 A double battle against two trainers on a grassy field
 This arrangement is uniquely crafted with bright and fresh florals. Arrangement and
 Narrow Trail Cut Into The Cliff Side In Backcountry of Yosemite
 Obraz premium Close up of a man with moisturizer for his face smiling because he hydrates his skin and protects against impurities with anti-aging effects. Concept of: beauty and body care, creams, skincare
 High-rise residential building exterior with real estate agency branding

* * *

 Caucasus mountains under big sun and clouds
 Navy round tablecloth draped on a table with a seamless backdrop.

What to produce - Take the stretch of lines above from the one containing "This arrangement is" through the one containing "High-rise residential building" and repeat it exactly, adding no other line.

Expected answer -
 This arrangement is uniquely crafted with bright and fresh florals. Arrangement and
 Narrow Trail Cut Into The Cliff Side In Backcountry of Yosemite
 Obraz premium Close up of a man with moisturizer for his face smiling because he hydrates his skin and protects against impurities with anti-aging effects. Concept of: beauty and body care, creams, skincare
 High-rise residential building exterior with real estate agency branding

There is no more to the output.